Peak Throughput

For client/consumer SSDs we primarily focus on low queue depth performance for its relevance to interactive workloads. Server workloads are often intense enough to keep a pile of drives busy, so the maximum attainable throughput of enterprise SSDs is actually important. But it usually isn't a good idea to focus solely on throughput while ignoring latency, because somewhere down the line there's always an end user waiting for the server to respond.

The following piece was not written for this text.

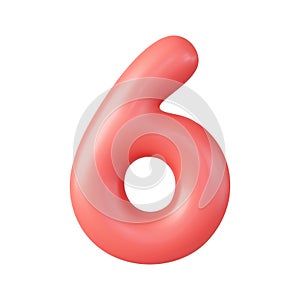 3d Number 6. six Number sign red color.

In order to characterize the maximum throughput an SSD can reach, we need to test at a range of queue depths. Different drives will reach their full speed at different queue depths, and increasing the queue depth beyond that saturation point may be slightly detrimental to throughput, and will drastically and unnecessarily increase latency. Because of that, we are not going to compare drives at a single fixed queue depth. Instead, each drive was tested at a range of queue depths up to the excessively high QD 512. For each drive, the queue depth with the highest performance was identified. Rather than report that value, we're reporting the throughput, latency, and power efficiency for the lowest queue depth that provides at least 95% of the highest obtainable performance. This often yields much more reasonable latency numbers, and is representative of how a reasonable operating system's IO scheduler should behave. (Our tests have to be run with any such scheduler disabled, or we would not get the queue depths we ask for.)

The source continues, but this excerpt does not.